* Raw data
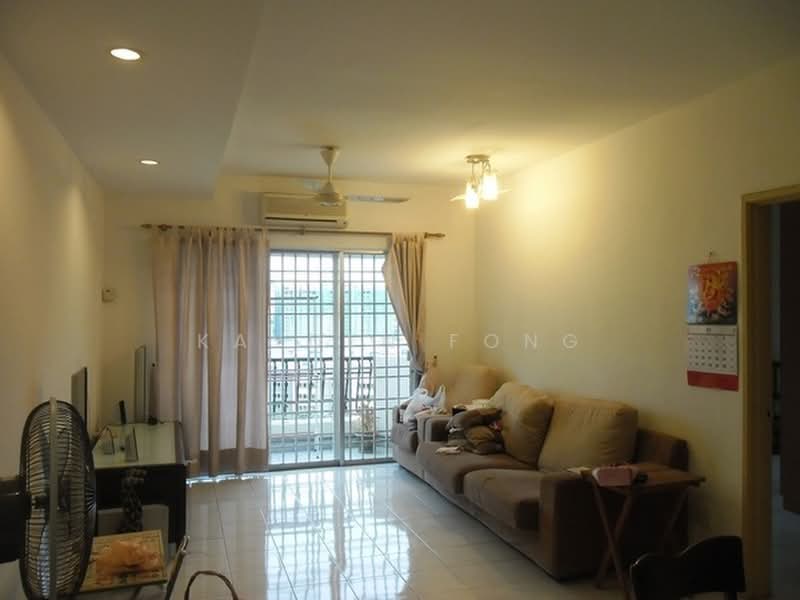 Condominium for Rent at Puncak Seri Kelana - Kayden Fong - Living Room - PropertyGuru.com.my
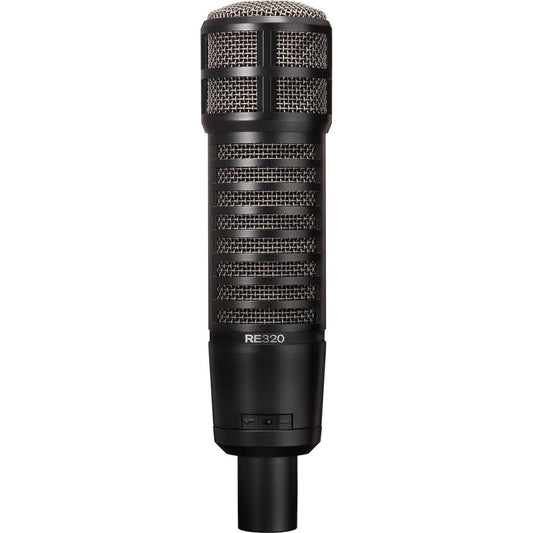 Electro-Voice RE320 Variable-D Dynamic Mic - PSSL ProSound and Stage Lighting
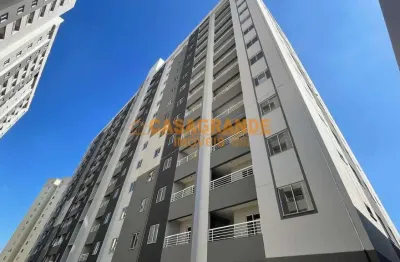 Apartamento com 2 quartos à venda no Parque Residencial Flamboyant, São José dos Campos 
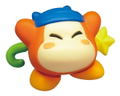 Kirby Battle Deluxe! Manmaru Mascot (Set of 5 pieces) (Re-run) thumbnail 2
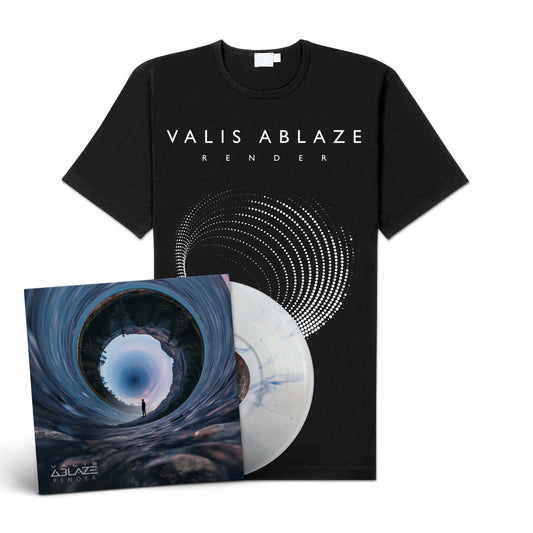 Valis Ablaze "Render" LP-Bundle "Render"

* Required action
Copy exactly the lines from the one containing "Kirby Battle Deluxe!" through the last line of the records above, including both, and omit every picture.

* Task answer
 Kirby Battle Deluxe! Manmaru Mascot (Set of 5 pieces) (Re-run) thumbnail 2
 Valis Ablaze "Render" LP-Bundle "Render"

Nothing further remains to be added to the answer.